The Haiku Foundation is pleased to announce the very first Touchstone Awards for Individual Haibun, honoring haibun published in 2022. More than 200 haibun were nominated by poets, readers, and editors around the world. After much deliberation, the three panelists narrowed the field to a Long List of 15 haibun, then a Short List of seven. This third and final round recognizes three haibun with the highest honor of Awarded.
For this first year of Awards for haibun, the panelists and I were very impressed with not only the number of haibun, but also with the overall quality and range of the nominees. These Awarded works represent the very best of the English-language haibun that were published last year.
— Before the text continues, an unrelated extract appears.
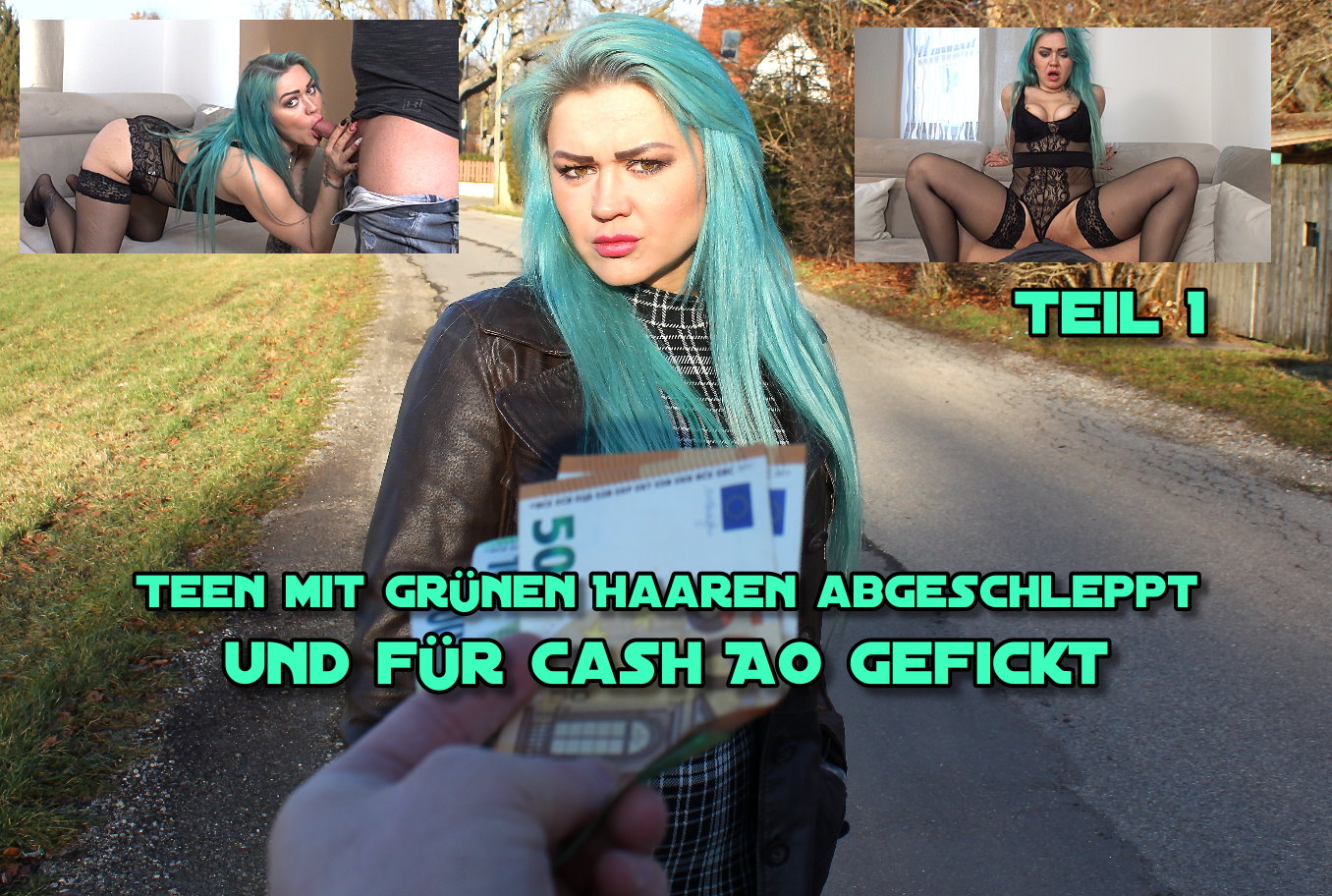 Teen mit grünen Haaren abgeschleppt und AO für Cash gefickt Teil 1 Im Dorf bei meinem Kollegen angekommen baute ich mein Set in seiner Wohnung auf und legte mich auf die Lauer. Ich wollte diese Frau mit grünen Haaren ansprechen und mit ihr drehen. Und nach ca. eine Stunde konnte ich sie auf der Straße erblicken und sprach sie direkt an. Ich bekam eine richtig schroffe Reaktion, aber ließ natürlich nicht locker. Und ließ meinen Charme spielen und sie hörte mir wenigstens dann zu. So konnte ich ihr erklären, dass wir für einen Model Job unbedingt eine Frau mit ihrer Optik bräuchten und wir könnten das Casting gleich machen. Nach weitere Überzeugungsarbeit willigte sie ein und ich konnte sie mit nehmen für erste Bilder. In der Wohnung des Freundes angekommen machten wir die ersten Bilder und ich fragte sie ein wenig aus. Ich erfuhr das sie Indra heißt, 29 Jahre alt ist, eigentlich aus Litauen stammt aber eine Freundin hier besucht. So wurde sie immer lockerer und ich hatte dann das Gefühl, dass sie sofort wusste, was ich eigentlich von ihr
Thank you so much to the haibun panelists—Keith Polette, Renee Owen, and Marietta McGregor—for their time, efforts, and expertise in making these selections and writing the commentaries, setting a high standard for future selections.
The panelists’ commentaries for these Awardees will be shared in the near future, along with those of the Awarded Individual Haiku/Senryu and Books.
Please join us in congratulating the awarded poets!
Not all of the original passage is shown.